[Opening DATA LISTING section]

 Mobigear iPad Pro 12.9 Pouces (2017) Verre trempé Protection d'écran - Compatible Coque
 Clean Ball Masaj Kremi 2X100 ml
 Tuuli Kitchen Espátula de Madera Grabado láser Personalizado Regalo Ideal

[Closing DATA LISTING section]
[Opening DATA LISTING section]

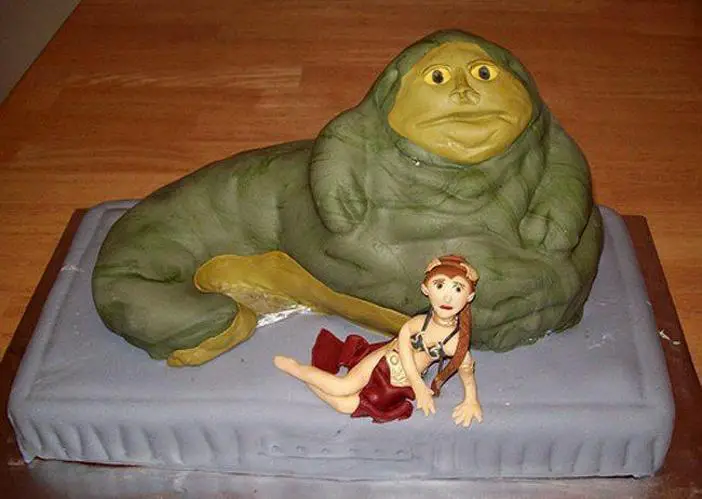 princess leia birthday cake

[Closing DATA LISTING section]

*PROBLEM REQUIREMENTS*: Your task for the entries above: copy exactly the span starting with the line with "Clean Ball Masaj Kremi 2X100 ml" and going on through the line with "Tuuli Kitchen Espátula", both lines included, and nothing else.

*REPLY TO THE EXERCISE*:
 Clean Ball Masaj Kremi 2X100 ml
 Tuuli Kitchen Espátula de Madera Grabado láser Personalizado Regalo Ideal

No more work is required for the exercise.